List partitioning is suitable for storing data whose columns contain a small number of enum values, and you often query and manage data based on these enum values. For example, columns represent geographical locations, states, and categories. Each value in a column represents an independent category. By partitioning data based on enum values, you can improve query performance and facilitate data management.

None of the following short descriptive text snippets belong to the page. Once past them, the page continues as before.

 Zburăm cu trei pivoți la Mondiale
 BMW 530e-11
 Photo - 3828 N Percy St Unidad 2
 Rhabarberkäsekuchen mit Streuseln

List partitioning is particularly useful for scenarios where a partition needs to include multiple values for each partitioning column. For example, if a table includes the City
column representing the city where an individual is from, and you often query and manage data by states and cities. At table creation, you can use the City
column as the partitioning column for List Partitioning and specify that data of various cities within the same state are placed in one partition, for example PARTITION pCalifornia VALUES IN ("Los Angeles", "San Francisco", "San Diego")

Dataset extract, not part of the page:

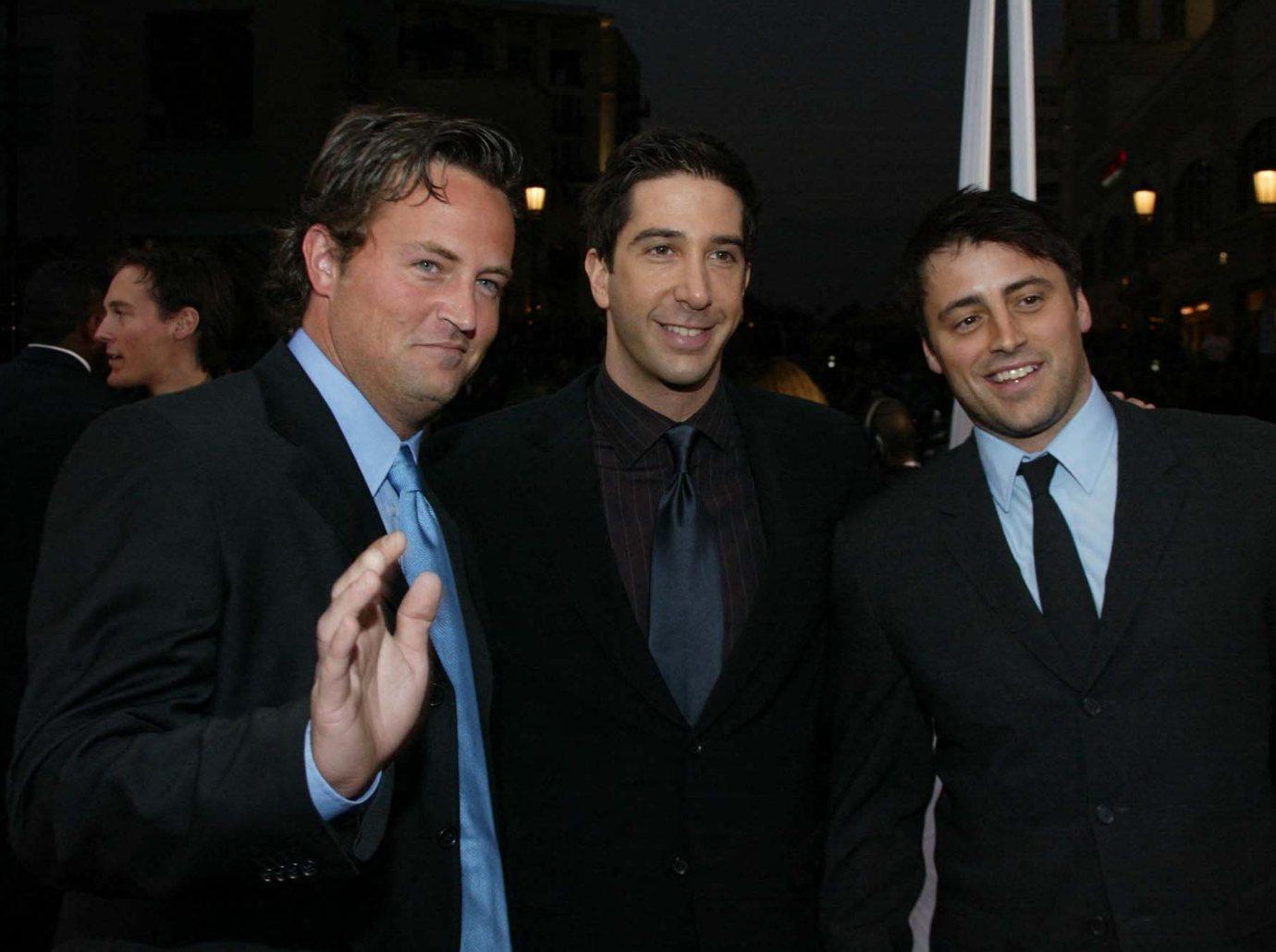 david schwimmer reveals matthew perry very reserved friends days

. This method can accelerate queries based on states and cities while facilitating data management.
If a partition only needs to contain data with the same value of each partitioning column, it is recommended to use expression partitioning.

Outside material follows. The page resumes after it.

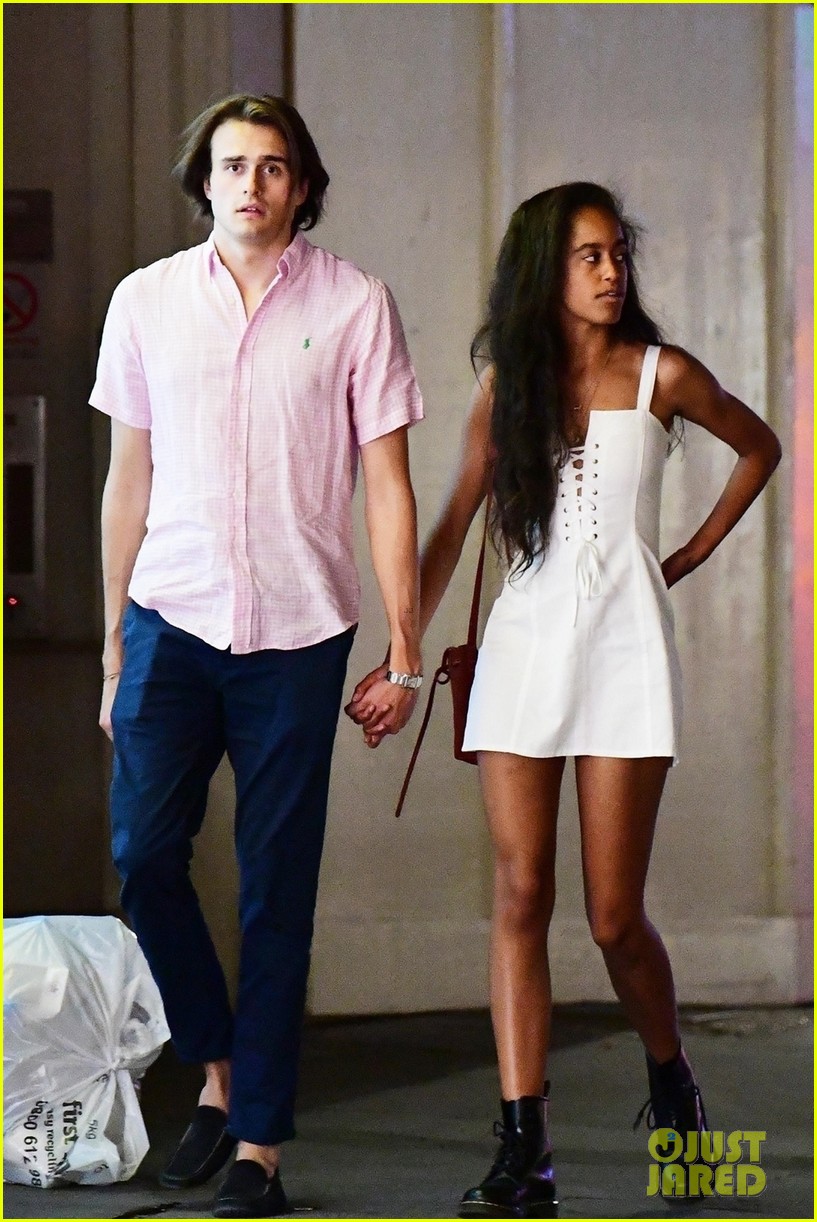 malia obama holds hands with boyfriend rory farquharson in london 09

Comparison between list partitioning and expression partitioning
The main difference between list partitioning and expression partitioning (recommended) is that list partitioning requires you to manually create partitions one by one. On the other hand, expression partitioning can automatically create partitions during loading to simplify partitioning. And in most cases, expression partitioning can replace list partitioning. The specific comparison between the two is shown in the following table:
Partitioning method | List partitioning | Expression partitioning |
---|---|---|
Syntax | PARTITION BY LIST (partition_columns)( PARTITION <partition_name> VALUES IN (value_list) [, ...] ) | PARTITION BY <partition_columns> |
Multiple values for each partitioning column in a partition | Supported. A partition can store data with different values in each partitioning column. In the following example, when the loaded data contains values Los Angeles , San Francisco , and San Diego in the city column, all the data is stored in one partition.pCalifornia .PARTITION BY LIST (city) ( PARTITION pCalifornia VALUES IN ("Los Angeles","San Francisco","San Diego") [, ...] ) | Not supported. A partition stores data with the same value in the partitioning column For example, the expression PARTITION BY (city) is used in expression partitioning. When the loaded data contains values Los Angeles , San Francisco , and San Diego in the city column, StarRocks will automatically create three partitions pLosAngeles , pSanFrancisco , and pSanDiego . The three partitions respectively store data with values Los Angeles, San Francisco , and San Diego in the city column. |
Create partitions before data loading | Supported. Partitions need to be created at table creation. | No need to do so. Partitions can be automatically created during data loading. |
Automatically create List partitions during data loading | Not supported. If a partition corresponding to the data does not exist during data loading, an error is returned. | Supported. If a partition corresponding to the data does not exist during data loading, StarRocks automatically creates the partition to store the data. Each partition can only contain data with the same value for the partitioning column. |
SHOW CREATE TABLE | Returned the partitions definition in the CREATE TABLE statement. | After data is loaded, the statement returns the result with the partition clause used in the CREATE TABLE statement, that is, PARTITION BY (partition_columns) . However, the returned result does not show any automatically created partitions. If you need to view the automatically created partitions, execute SHOW PARTITIONS FROM <table_name> . |
Usage
Syntax
PARTITION BY LIST (partition_columns)(
PARTITION <partition_name> VALUES IN (value_list)
[, ...]
)
partition_columns::=
<column> [,<column> [, ...] ]
value_list ::=
value_item [, value_item [, ...] ]
value_item ::=
{ <value> | ( <value> [, <value>, [, ...] ] ) }
Parameters
Parameters | Parameters | Description |
---|---|---|
partition_columns | YES | the ames of the partitioning columns. The partitioning column values can be string (BINARY not supported), date or datetime, integer, and boolean values. The partitioning column allows NULL values. |
partition_name | YES | Partition name. It is recommended to set appropriate partition names based on the business scenario to differentiate the data in different partitions. |
value_list | YES | A list of partitioning column values in a partition. |
Examples
Example 1: Suppose you frequently query details of data center billing based on states or cities. At table creation, you can specify the partitioning column as city
and specify that each partition stores data of cities within the same state. This method can accelerate queries for specific states or cities and facilitate data management.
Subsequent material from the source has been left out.